As you can see below, it was time for a replacement. I'll still use the old one until it's completely gone, but it'll be nice having the new one around as well. 
I've sharpened/ polished a lot of knives for friends and coworkers. And I struggled with some dishing which lead to a lot of flattening. Not the stone's fault per se, more so my being bad with stones in general. I've since learned a lot more "stone etiquette" regarding pressure and maintenance.


----------



## JBroida (Sep 19, 2015)

how old is the first one?


----------



## marc4pt0 (Sep 19, 2015)

Almost 2 years old. It's seen a LOT of activity. I've used it in repair and re-profiling several knives. The biggest project was a Kato Workhorse 240 gyuto. It suffered some big chip outs.


----------



## GeneH (Sep 19, 2015)

Impressive the used stone is so thin. Permasoaked because you used them so often? Any extra care / special treatment used to keep it from breaking or are most stones less-than-fragile or brittle even when that thin? I am considering gluing window-pane Lexan or even glass base to my stones (when I get them), to stabilize them from use-dry-use cycles.

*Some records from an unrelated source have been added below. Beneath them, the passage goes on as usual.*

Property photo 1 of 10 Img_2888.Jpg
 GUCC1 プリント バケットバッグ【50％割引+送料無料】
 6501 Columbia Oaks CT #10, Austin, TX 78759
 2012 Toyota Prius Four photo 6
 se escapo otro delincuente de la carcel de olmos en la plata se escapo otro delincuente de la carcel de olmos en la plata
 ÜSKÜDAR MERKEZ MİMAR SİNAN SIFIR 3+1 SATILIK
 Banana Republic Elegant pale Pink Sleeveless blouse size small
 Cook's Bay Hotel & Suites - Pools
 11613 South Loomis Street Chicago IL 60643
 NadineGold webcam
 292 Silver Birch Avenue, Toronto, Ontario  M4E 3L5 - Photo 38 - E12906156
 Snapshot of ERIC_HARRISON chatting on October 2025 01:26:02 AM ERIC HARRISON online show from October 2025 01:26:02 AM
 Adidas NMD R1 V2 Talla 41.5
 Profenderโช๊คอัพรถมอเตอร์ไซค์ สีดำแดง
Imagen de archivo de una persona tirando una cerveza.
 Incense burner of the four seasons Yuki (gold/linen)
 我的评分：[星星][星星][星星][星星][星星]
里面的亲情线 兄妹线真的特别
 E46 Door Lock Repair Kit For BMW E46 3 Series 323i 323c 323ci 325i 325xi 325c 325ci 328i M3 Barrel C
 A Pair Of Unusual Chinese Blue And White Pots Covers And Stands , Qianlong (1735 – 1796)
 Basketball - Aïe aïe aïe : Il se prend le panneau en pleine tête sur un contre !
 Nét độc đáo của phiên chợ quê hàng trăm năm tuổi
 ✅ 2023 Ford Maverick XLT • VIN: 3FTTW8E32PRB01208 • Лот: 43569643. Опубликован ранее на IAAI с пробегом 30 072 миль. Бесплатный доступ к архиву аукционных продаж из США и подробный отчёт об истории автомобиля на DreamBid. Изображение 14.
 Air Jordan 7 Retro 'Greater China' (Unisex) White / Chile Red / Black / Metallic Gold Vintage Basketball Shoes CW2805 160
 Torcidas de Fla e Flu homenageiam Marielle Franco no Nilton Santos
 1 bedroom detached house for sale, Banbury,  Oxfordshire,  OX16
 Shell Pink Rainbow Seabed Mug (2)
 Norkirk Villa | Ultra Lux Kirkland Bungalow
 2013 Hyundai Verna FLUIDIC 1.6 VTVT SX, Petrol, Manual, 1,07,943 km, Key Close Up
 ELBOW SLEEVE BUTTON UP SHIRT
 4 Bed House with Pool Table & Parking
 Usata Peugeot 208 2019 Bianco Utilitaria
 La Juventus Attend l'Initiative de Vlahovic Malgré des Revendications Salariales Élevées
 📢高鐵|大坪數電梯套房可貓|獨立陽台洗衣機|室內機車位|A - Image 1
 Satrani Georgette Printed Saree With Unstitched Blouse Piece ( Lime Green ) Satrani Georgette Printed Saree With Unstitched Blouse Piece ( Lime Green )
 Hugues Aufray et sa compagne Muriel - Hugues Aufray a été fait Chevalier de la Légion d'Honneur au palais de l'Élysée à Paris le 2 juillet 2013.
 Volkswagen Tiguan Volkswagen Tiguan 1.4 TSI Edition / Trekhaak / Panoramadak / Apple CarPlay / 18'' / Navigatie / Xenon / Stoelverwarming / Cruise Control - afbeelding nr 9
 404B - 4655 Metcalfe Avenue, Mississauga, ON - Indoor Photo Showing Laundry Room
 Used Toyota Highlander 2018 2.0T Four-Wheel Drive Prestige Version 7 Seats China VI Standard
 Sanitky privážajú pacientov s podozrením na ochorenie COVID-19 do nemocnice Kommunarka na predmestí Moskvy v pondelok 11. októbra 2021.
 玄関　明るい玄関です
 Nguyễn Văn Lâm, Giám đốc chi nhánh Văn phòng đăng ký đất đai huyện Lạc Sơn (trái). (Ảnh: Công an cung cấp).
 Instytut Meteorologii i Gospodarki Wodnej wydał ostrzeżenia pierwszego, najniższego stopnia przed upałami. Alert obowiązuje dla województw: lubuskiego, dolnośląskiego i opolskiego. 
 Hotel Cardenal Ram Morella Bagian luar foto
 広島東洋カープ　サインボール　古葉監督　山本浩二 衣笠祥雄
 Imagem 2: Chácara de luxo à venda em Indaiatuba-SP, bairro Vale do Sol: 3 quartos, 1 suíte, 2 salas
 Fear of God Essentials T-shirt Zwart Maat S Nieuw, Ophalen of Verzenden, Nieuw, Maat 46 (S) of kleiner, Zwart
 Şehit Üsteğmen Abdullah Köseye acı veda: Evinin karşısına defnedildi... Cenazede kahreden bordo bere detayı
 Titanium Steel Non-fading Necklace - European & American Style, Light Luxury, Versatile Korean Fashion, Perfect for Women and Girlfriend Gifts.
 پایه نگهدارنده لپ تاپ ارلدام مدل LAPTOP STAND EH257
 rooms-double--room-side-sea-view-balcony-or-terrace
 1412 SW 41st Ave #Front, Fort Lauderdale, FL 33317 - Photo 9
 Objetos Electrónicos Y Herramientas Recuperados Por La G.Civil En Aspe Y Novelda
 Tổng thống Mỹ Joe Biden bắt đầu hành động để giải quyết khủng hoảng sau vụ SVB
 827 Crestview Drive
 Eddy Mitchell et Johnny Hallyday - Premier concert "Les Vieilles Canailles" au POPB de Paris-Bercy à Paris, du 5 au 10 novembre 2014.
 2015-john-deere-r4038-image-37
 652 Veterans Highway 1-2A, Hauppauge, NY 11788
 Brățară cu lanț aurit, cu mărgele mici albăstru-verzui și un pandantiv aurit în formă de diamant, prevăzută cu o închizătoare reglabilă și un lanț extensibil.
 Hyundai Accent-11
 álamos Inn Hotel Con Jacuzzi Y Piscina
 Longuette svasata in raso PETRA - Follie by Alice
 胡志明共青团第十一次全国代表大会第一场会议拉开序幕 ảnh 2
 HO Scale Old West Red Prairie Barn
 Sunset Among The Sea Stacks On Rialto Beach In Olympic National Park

Maybe I'm overthinking the whole thing..


----------



## daveb (Sep 19, 2015)

Looks like you got you're monies worth and then some. I'm also on my 2nd G400. And it also is in large part because I flattened with a great deal of "enthusiasm". A feeler gauge is no longer part of my sharpening set. :dontknow:


----------



## marc4pt0 (Sep 19, 2015)

For the most part perma-soaked. I always use a stone holder and/or sink bridge. Lately I put a damp paper towel over my Gesshin 220 then rest the 400 on top of that just to elevate it.


----------



## mkriggen (Sep 20, 2015)

daveb said:


> Looks like you got you're monies worth and then some. I'm also on my 2nd G400. And it also is in large part because I flattened with a great deal of "enthusiasm". A feeler gauge is no longer part of my sharpening set. :dontknow:



Yeah, that enthusiastic thinning learning curve can be a real bi*#h on your first G400:whistling:


----------